Jumlah korban meninggal dunia dalam tragedi tabrakan KA Argo Bromo Anggrek dan KRL Commuter Line di Stasiun Bekasi Timur bertambah menjadi 16 orang hingga Rabu (29/4/2026) sore. Dilansir dari Kompas, satu korban tambahan atas nama Mia Citra dinyatakan wafat setelah menjalani perawatan intensif akibat luka serius pada bagian tangan dan kaki.
Insiden maut yang melibatkan kereta eksekutif dan kereta komuter tersebut kini menjadi sorotan tajam bagi evaluasi sistem perkeretaapian nasional. Pemerintah daerah dan instansi terkait mulai merumuskan langkah mitigasi guna mencegah insiden serupa berulang di perlintasan sebidang wilayah Jawa Barat.
Gubernur Jawa Barat, Dedi Mulyadi, tengah menyiapkan serangkaian kebijakan strategis untuk memperketat keamanan di titik-titik rawan kecelakaan palang pintu. Rencana pembangunan infrastruktur tambahan menjadi salah satu opsi utama yang dipertimbangkan pemerintah provinsi.
"Sahabat KompasTV, apa pendapat kalian soal berita ini? Komentar di bawah ya!" ujar pembawa acara berita Kompas TV saat menutup segmen laporan terkait tragedi tersebut.
Langkah preventif tersebut mencakup usulan pembangunan jalan layang atau flyover di perlintasan yang padat lalu lintas guna memisahkan jalur kendaraan dengan jalur rel.
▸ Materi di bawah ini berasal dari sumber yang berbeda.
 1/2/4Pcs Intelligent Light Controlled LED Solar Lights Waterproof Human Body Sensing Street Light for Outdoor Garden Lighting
Sementara itu, pihak PT Kereta Api Indonesia (KAI) memberikan pernyataan resmi mengenai jaminan keamanan operasional mereka bagi para penumpang.
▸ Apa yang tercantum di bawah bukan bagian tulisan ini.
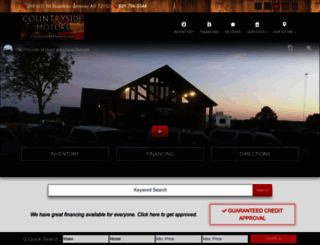 countrysidemotors.com screenshot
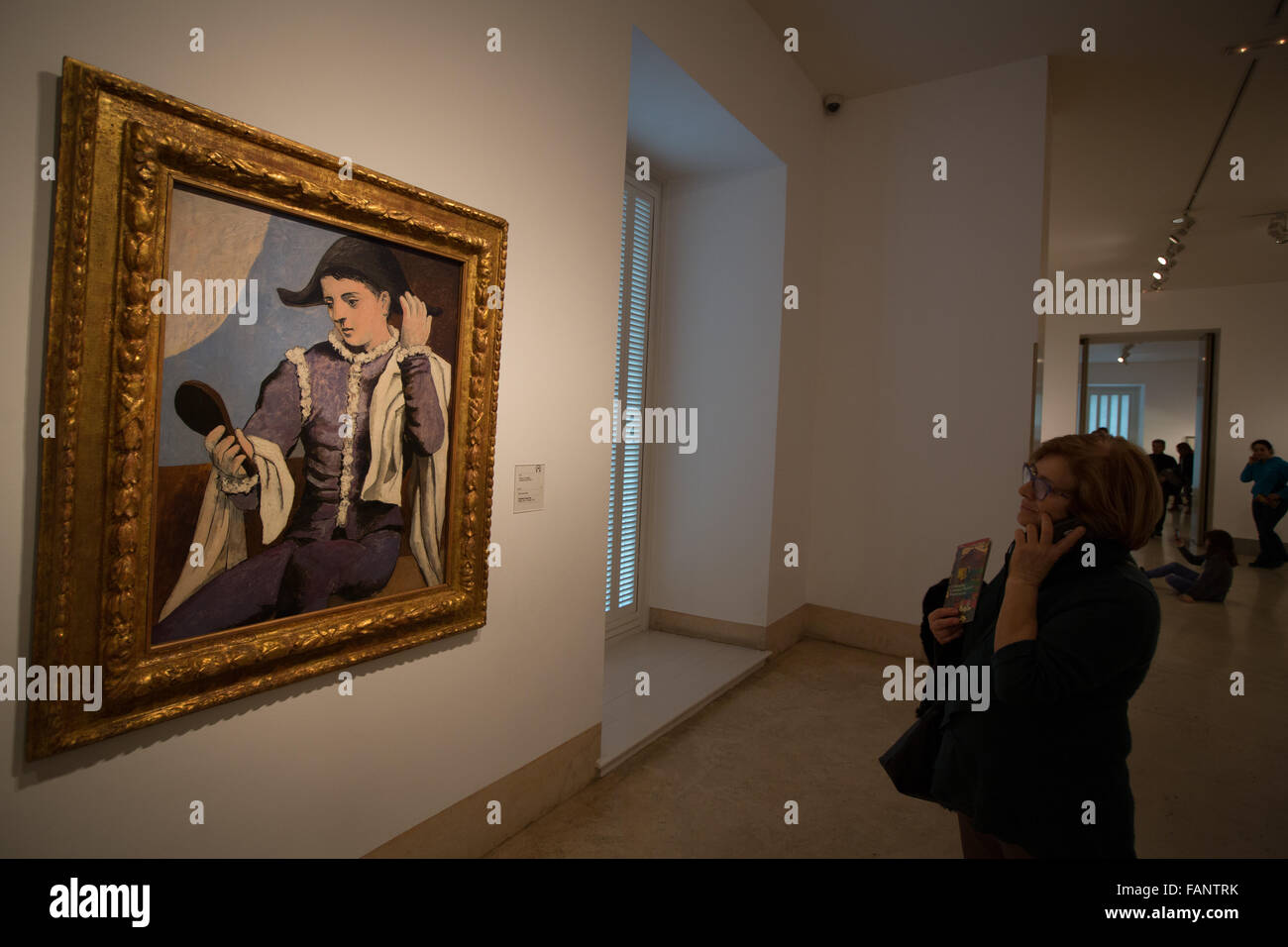 Kunst in das Museo Thyssen-Bornemisza in Madrid, Spanien Stockfoto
Manajemen KAI menegaskan komitmen perusahaan dalam menjaga standar keselamatan di seluruh rangkaian kereta tanpa pengecualian. Hal ini dilakukan untuk memulihkan kepercayaan publik terhadap moda transportasi berbasis rel pasca-kecelakaan besar tersebut.
Pengamat perkeretaapian, Joni Martinus, menyampaikan desakan kepada regulator agar segera melakukan investigasi menyeluruh dan audit keselamatan secara rutin. Audit tersebut diharapkan mencakup pemeriksaan kelaikan sarana serta evaluasi kompetensi sumber daya manusia di sektor transportasi kereta api.
Masyarakat kini menantikan implementasi nyata dari janji pemerintah dan penyedia jasa transportasi agar jalur kereta api kembali menjadi pilihan perjalanan yang aman. Penanganan pasca-tragedi di Bekasi ini dianggap sebagai ujian bagi komitmen keselamatan transportasi publik di Indonesia.